[Provided information — start]

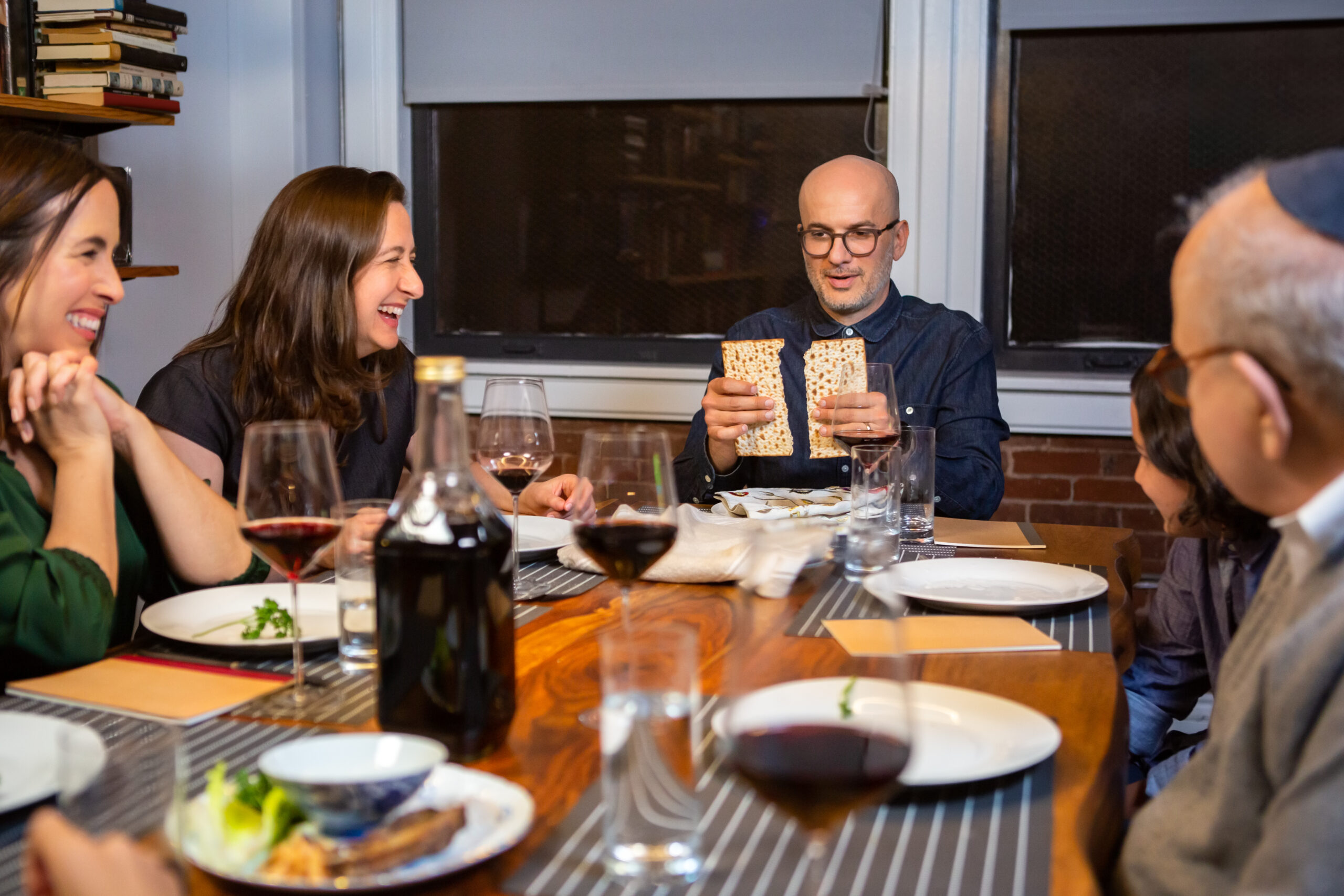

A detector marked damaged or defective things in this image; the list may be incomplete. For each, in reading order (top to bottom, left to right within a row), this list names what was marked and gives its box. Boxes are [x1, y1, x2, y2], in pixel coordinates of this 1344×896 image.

middle matzo being broken [718, 338, 794, 458]
middle matzo being broken [802, 338, 865, 458]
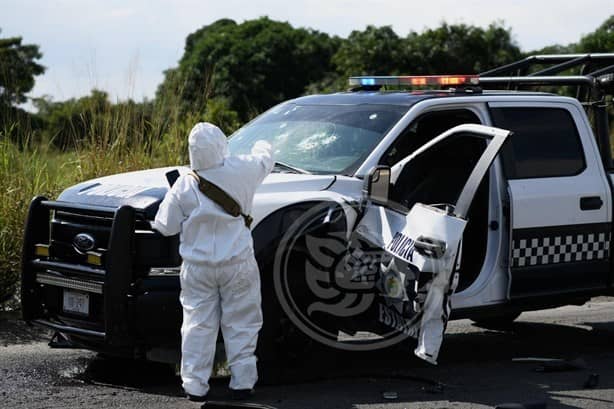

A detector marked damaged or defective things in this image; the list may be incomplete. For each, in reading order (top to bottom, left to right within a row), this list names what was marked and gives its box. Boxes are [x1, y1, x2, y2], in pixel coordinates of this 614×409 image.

cracked windshield [229, 103, 406, 174]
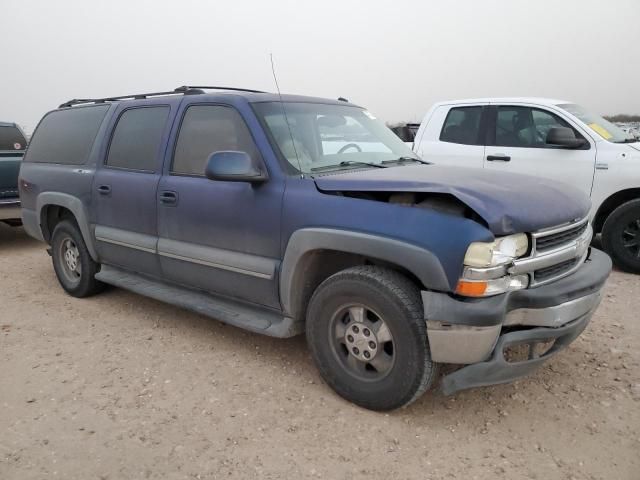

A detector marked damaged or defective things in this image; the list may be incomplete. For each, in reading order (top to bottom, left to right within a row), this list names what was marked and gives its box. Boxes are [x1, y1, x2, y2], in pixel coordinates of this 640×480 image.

headlight housing exposed [458, 232, 532, 296]
bumper cover damage [422, 248, 612, 394]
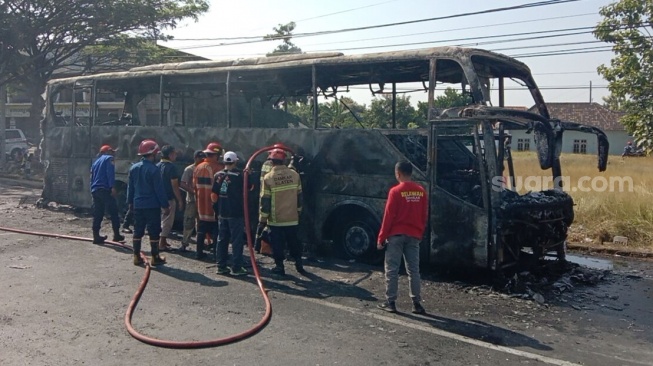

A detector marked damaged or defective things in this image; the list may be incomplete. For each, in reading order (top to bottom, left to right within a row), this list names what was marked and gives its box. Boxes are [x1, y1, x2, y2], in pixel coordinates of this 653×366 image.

burned bus [40, 46, 608, 272]
charred bus body [40, 46, 608, 272]
burnt engine compartment [496, 190, 572, 258]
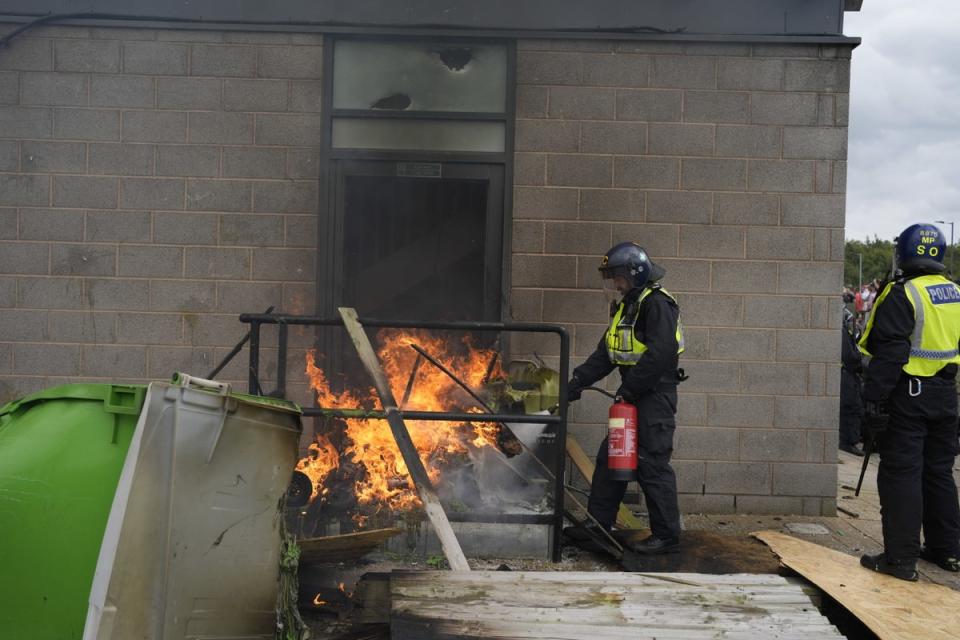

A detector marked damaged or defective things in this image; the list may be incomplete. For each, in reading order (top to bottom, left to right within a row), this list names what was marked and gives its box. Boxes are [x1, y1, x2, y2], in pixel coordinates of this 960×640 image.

broken window pane [332, 39, 506, 112]
broken window pane [332, 117, 506, 152]
broken wooden board [568, 436, 640, 528]
broken wooden board [300, 528, 404, 564]
broken wooden board [378, 572, 844, 636]
broken wooden board [752, 528, 960, 640]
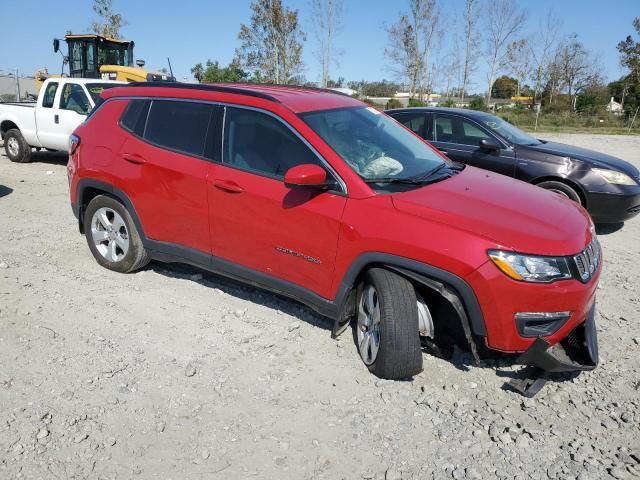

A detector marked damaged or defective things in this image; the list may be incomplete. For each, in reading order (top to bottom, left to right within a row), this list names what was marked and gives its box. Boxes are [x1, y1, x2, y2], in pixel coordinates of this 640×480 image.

detached bumper piece [504, 304, 600, 398]
damaged front bumper [508, 304, 596, 398]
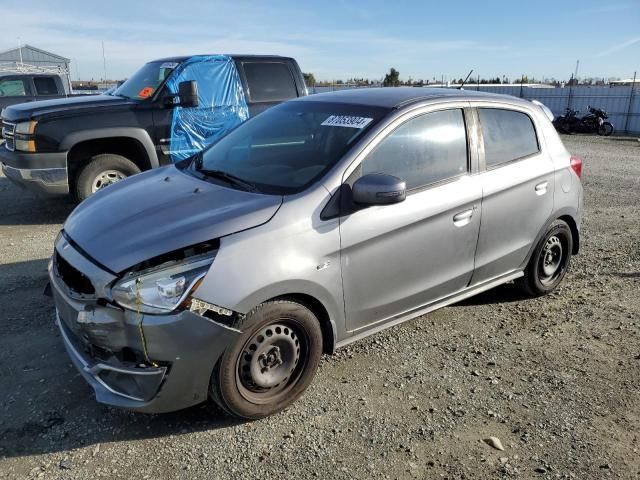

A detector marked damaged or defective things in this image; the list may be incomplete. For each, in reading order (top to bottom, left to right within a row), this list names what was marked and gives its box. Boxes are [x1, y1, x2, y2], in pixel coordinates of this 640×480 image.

crumpled hood [1, 94, 135, 122]
crumpled hood [65, 165, 282, 272]
front end damage [49, 232, 240, 412]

[Provided information — finish]

*Required action*
Copy each line above exactly, with no images.

*Solution for this task*
A detector marked damaged or defective things in this image; the list may be incomplete. For each, in reading order (top to bottom, left to right within a row), this list names what was marked and gives its box. Boxes are [x1, y1, x2, y2], in pixel coordinates of this 1344×896 image.

middle matzo being broken [718, 338, 794, 458]
middle matzo being broken [802, 338, 865, 458]

A detector marked damaged or defective things in this image; the list may be incomplete. For each, in reading order (top to bottom, left to right within a row), this list names what was marked and gives its box. Boxes are [x1, y1, x2, y2], in pixel coordinates of this 614×409 image.

cracked windshield [229, 103, 406, 174]

A detector marked damaged or defective things in this image; the list may be incomplete. For each, in reading order (top to bottom, left to right within a row), this list names what was marked and gives its box. Boxes are [x1, y1, x2, y2], in pixel coordinates of this 640×480 image.

headlight housing exposed [458, 232, 532, 296]
bumper cover damage [422, 248, 612, 394]

A detector marked damaged or defective things in this image; the list may be incomplete. For each, in reading order (top to bottom, left to right within a row), this list names what was marked and gives its box. Boxes are [x1, y1, x2, y2], in pixel coordinates of this 653×366 image.

burned bus [40, 46, 608, 272]
charred bus body [40, 46, 608, 272]
burnt engine compartment [496, 190, 572, 258]

A detector marked damaged or defective things in this image; the list may be incomplete. For each, in reading order (top to bottom, left to right within a row), this list names what was marked and gives its box. Boxes are [x1, y1, x2, y2], in pixel coordinates of this 960×640 image.

broken window pane [332, 39, 506, 112]
broken window pane [332, 117, 506, 152]
broken wooden board [568, 436, 640, 528]
broken wooden board [300, 528, 404, 564]
broken wooden board [378, 572, 844, 636]
broken wooden board [752, 528, 960, 640]

A detector marked damaged or defective things in this image; the list may be incomplete. For each, in reading order (top to bottom, left to right within a row), this list names what was marked and gives its box. Boxes are [x1, y1, x2, y2], in pixel coordinates of this 640×480 image.

detached bumper piece [504, 304, 600, 398]
damaged front bumper [508, 304, 596, 398]

A detector marked damaged or defective things in this image; the list may be incomplete. For each, in reading order (top to bottom, left to right within a row), this list names what was marked and gives its box. Boxes are [x1, y1, x2, y2], in pixel coordinates of this 640×480 image.

crumpled hood [1, 94, 135, 122]
crumpled hood [65, 165, 282, 272]
front end damage [49, 232, 240, 412]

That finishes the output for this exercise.